Mi viaje para visitar el único lugar donde al menos podría hacerte un homenaje también estaba cerrado por restauración. Pero Rei, ésta vez sí se veían animados los trabajadores en sus andamios pintando la Casa Museo. Entramos, insistentes y nos despacharon como a turistas que no entienden que no hay atención. Toqué las paredes y me dije: Éste es el santuario. Entre Industria y Consulado, Trocadero 160. Te imaginé afortunado, tanto, que llegaste a escribir sobre los milagros de aquel poeta: “Lezama era esa persona que tenía el extraño privilegio de irradiar una vitalidad creadora; luego de conversar con él, uno regresaba a casa y se sentaba ante la máquina de escribir, porque era imposible escuchar a aquel hombre y no inspirarse”.

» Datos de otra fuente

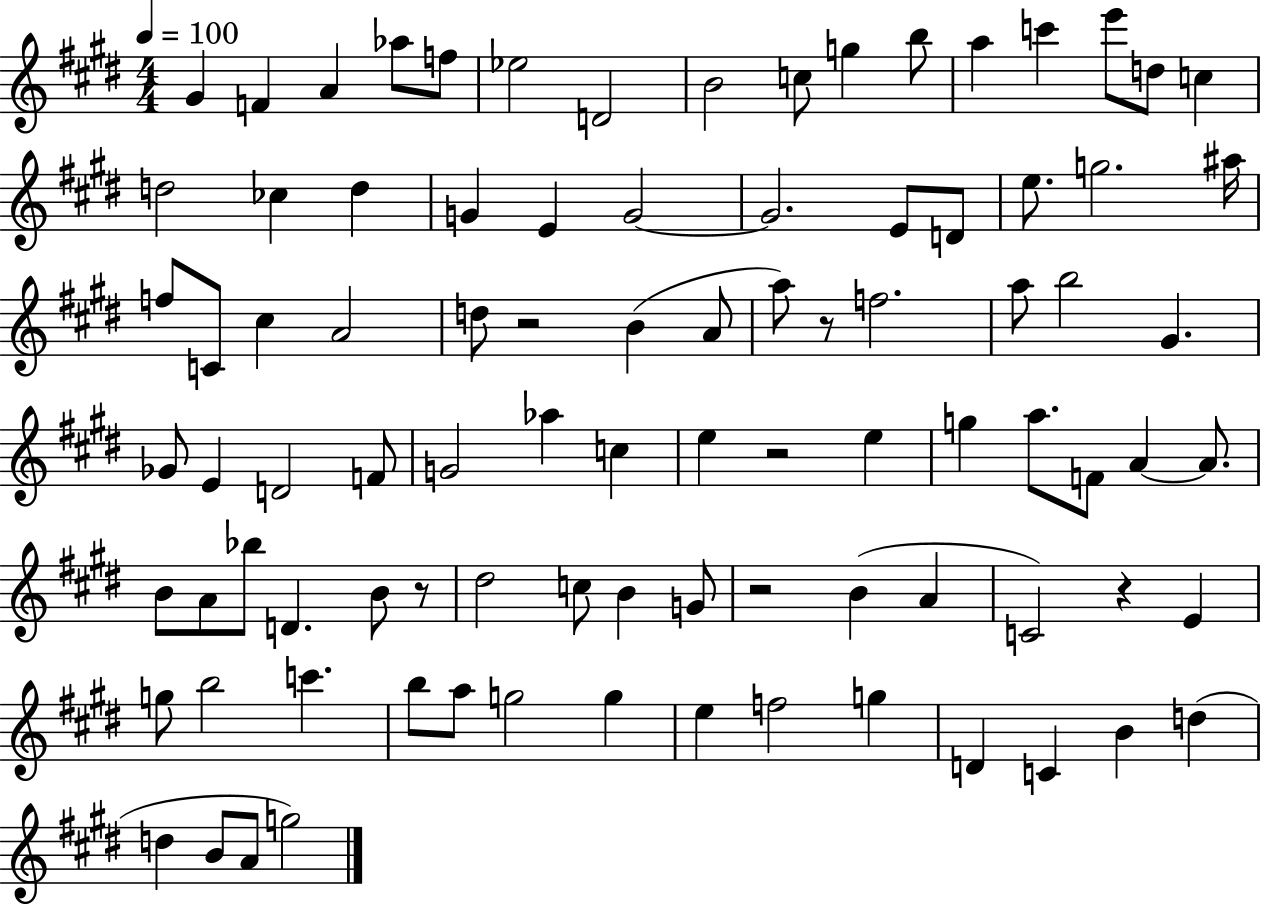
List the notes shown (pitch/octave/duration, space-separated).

G#4/q F4/q A4/q Ab5/e F5/e Eb5/h D4/h B4/h C5/e G5/q B5/e A5/q C6/q E6/e D5/e C5/q D5/h CES5/q D5/q G4/q E4/q G4/h G4/h. E4/e D4/e E5/e. G5/h. A#5/s F5/e C4/e C#5/q A4/h D5/e R/h B4/q A4/e A5/e R/e F5/h. A5/e B5/h G#4/q. Gb4/e E4/q D4/h F4/e G4/h Ab5/q C5/q E5/q R/h E5/q G5/q A5/e. F4/e A4/q A4/e. B4/e A4/e Bb5/e D4/q. B4/e R/e D#5/h C5/e B4/q G4/e R/h B4/q A4/q C4/h R/q E4/q G5/e B5/h C6/q. B5/e A5/e G5/h G5/q E5/q F5/h G5/q D4/q C4/q B4/q D5/q D5/q B4/e A4/e G5/h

Me había preparado para esta peregrinación leyendo tus memorias Antes que anochezca, la novela El mundo alucinante y los cuentos de Termina el desfile. A La Habana no llevé ninguno de tus textos por temor a perderlo en alguna playa, en el malecón, en una guagua. O a dejarlo junto a la mesilla de noche, de un chico con el que te pudiera confundir en este anhelo de conocerte más, mejor. Pero, creerás que olvidé las calles, los barrios en La Habana que mencionaste. Mi única referencia era la casa de Lezama Lima. Ah, y muy a propósito, la verdad sea dicha, borré de mi memoria el nombre de tus enemigos. Preferí tu amistad con José Abreu, Virgilio, Jorge, Margarita. Sobre todo, estos dos. Me gustaría en algún momento hacer algo como ese favor que nos hicieron contigo: tomar tus inéditos –impublicables en la isla- y darlos a conocer por fuera. Desde el malecón veía el Hotel Nacional y trataba de imaginarlos en una habitación, camuflándose para dar contigo.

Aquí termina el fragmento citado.